I had stopped at the Wise River Ranger Station to ask about the condition of the Melrose to Dewey road via the charcoal kilns. The road condition was good the ranger reported. But… how did I feel about being on a single lane road with a shear drop off and potentially lots of backing up if I met someone else driving the road? She described everything I feared. This was a short section of road from the valley floor by the kilns to the high plateau called Vipond Park. She thought there wouldn’t be much traffic on the road, but it was bow season now so?
Off I drove the next morning from my camp site at Maiden Rock (west) fish access site to the charcoal kilns.
The kilns are cool. An explanation at the kilns indicated that it took 15 days to make charcoal out of approximately 35 cords of wood per kiln.
I had planned to look at the exposed road and turn around if I didn’t like it. I would then drive in from the north. But at the kilns I got courage. I hadn’t seen anyone on the road yet. That was a good thing giving me slim odds that I would meet someone on the scary section of the road and have to do some serious backing up. I couldn’t see the road, so it didn’t look bad.
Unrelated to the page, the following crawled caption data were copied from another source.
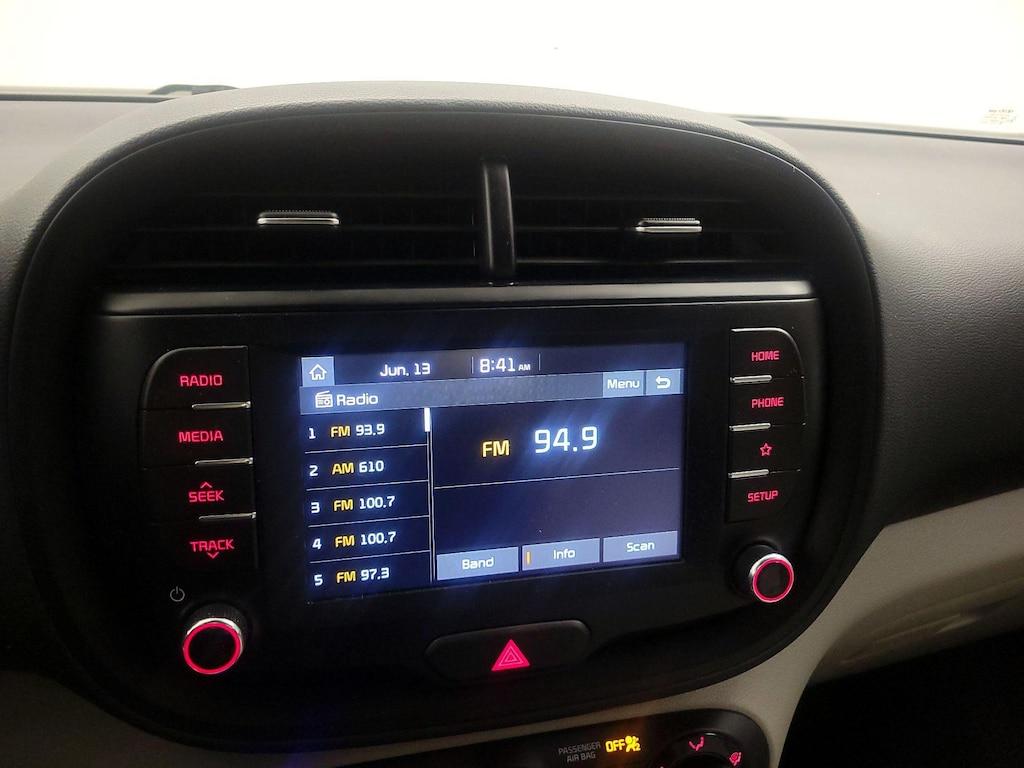used 2021 Kia Soul car, priced at $16,998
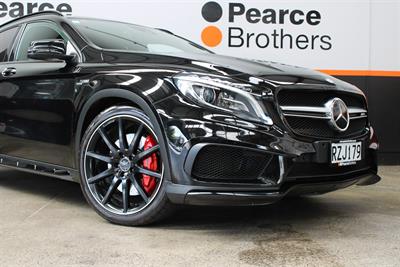 2016 Mercedes-Benz GLA 45 - Thumbnail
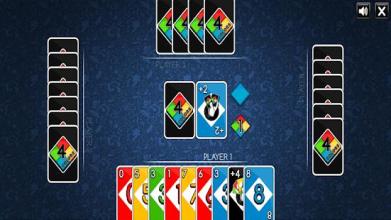 Uno Classic Card games截图1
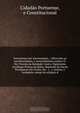 Patriotismo por antonomasia, : offerecido ao excellentissimo, e reverendissimo senhor D. frei Vicente da Soledade Castro. Dignissimo Arcebispo Primaz da Bahia, deputado da Nacao Portugueza em Cortes, etc. &c. &c. sincero, e verdadeiro amigo da religiao, d, Cidadao Portuense 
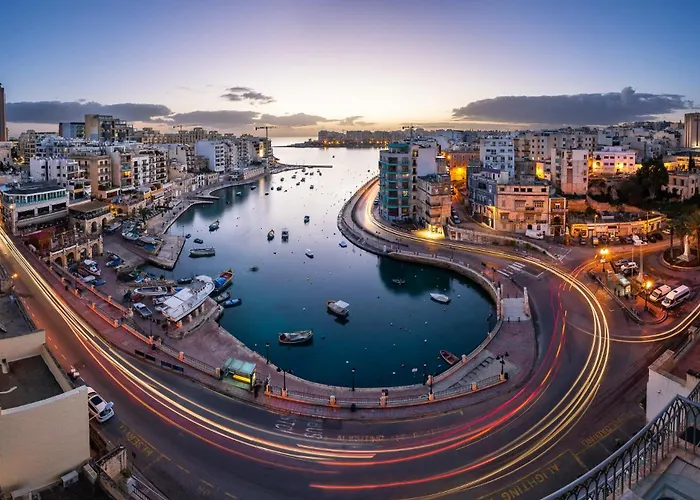 Sliemas Finest Fresh And Stylish * Sliema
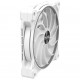 Alpenf hn Wing Boost 3 ARGB 140mm High Speed - Fan white, 3 pc(s)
Also, at the kilns there was a visitor sign showing the road and it only mentioned that buses, RV, and trailers were not recommended. It couldn’t be that bad I thought. I knew how to drive 5 mph, hug the up hill side, and not look over the side. I drove on ready to slink up hill.
At the bottom of the road I met my first car of the day. He didn’t wave when we passed and he wasn’t smiling. I noticed he was a visitor like me, he had Ontario plates. Hum. He had just driven down the scary section of road. I didn’t think of it until later, but perhaps his dourer look had to do with driving the scary road. I turned up the scary road section and checked my odometer to watch my progress. Two miles to Vipond Park the sign indicated. I hoped I wouldn’t meet someone driving down. The road changed from gravel to dirt with large rocks sticking out of the ground. I diligently identified wider spots that I might backup to if needed to let someone pass. The road got more exposed and my stomach was in a knot. I hoped again I wouldn’t meet someone driving down. I told myself to relax. My fears were irrational. I hadn’t seen any crashed vehicles over the edge (but I wasn’t looking over the edge either). Turning around was not an option. Up I drove. I did some mental math: How long does it take to drive two miles at five mph (12 minutes). At ten mph (6 minutes). For a fleeting moment I thought about taking a picture, but that most likely would have resulted in me looking over edge plus extend my time on the road. No picture. I drove on. Another blind left turn and… I was at the top. Deep breath and I relaxed the stomach muscles. I should have stopped to take pictures and see the view from the top, but I was so relieved about making it to the top I just kept driving wanting to forget the episode.
Vipond Park is a huge plateau. Oh My. I drove for miles through the plateau. This is the ultimate big sky view. I didn’t try much to capture the view with a camera. You need to see it in person. But I got a few pictures of my dogs. I want to come back when the wild flowers are blooming.
On I drove to the north. At one point the road ventures through the old mining town and mine of Quartz Hill. Curiously, I didn’t see any evidence of outhouses at Quartz Hill.
- Camping at Vipond Park would be wonderful. I didn’t see camping spots, just a few places to park for the night.
- I only saw two vehicles while driving the road. A good middle of nowhere road.
- I was told that the wild flowers are outstanding when they are blooming.
- On the way down towards Dewey I noticed a nice well used boondocking spot. It is on my map.